Australian Prime Minister Anthony Albanese described as “extraordinary” on Monday a decision by social media platform X to challenge in court a cyber regulators’ order for the removal of some posts about the stabbing of a bishop in Sydney.
Police have charged a 16-year-old with a terrorism offence in the attack on an Assyrian church bishop, Mar Mari Emmanuel, last Monday. Videos online showed the attacker, restrained by the congregation, shouting at the bishop for insulting Islam.
Albanese criticised the broadcast of violent images and said some social media content exacerbated the pain of many people.
“I find it extraordinary that X chose not to comply and are trying to argue their case,” Albanese told a press conference, adding that X’s response to the order by a government panel contrasted with that of other social media providers.
“This isn’t about freedom of expression,” Albanese said.
“This is about the dangerous implications that can occur when things that are simply not true … are replicated and weaponised in order to cause division.”

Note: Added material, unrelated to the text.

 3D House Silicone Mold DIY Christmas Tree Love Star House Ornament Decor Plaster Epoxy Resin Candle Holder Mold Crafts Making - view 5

In this case, the promotion of negative statements had the potential to inflame a very difficult situation, he added.
The Australian panel, known as the eSafety Commissioner, works to remove harmful online content. It had ordered X to remove certain posts that “publicly commented” on the attack.
But X responded that the posts did not violate its rules on violent speech, adding that the regulator had no authority to dictate content its users can see globally, an approach it vowed to challenge in court as being “unlawful and dangerous”.

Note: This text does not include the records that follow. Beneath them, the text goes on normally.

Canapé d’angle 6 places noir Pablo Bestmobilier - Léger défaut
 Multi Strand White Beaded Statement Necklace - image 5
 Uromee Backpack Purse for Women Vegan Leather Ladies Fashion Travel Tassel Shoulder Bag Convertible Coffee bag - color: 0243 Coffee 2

“The Australian censorship commissar is demanding ‘global’ content bans!” entrepreneur Elon Musk, who bought Twitter for $44 billion in 2022 and renamed it as X last year, said in a post.
Several lawmakers have criticised social media for not doing enough to remove misinformation over the stabbing.
Last year the regulator said X had become Australia’s top platform for online hate since Musk lifted bans on a reported 62,000 accounts.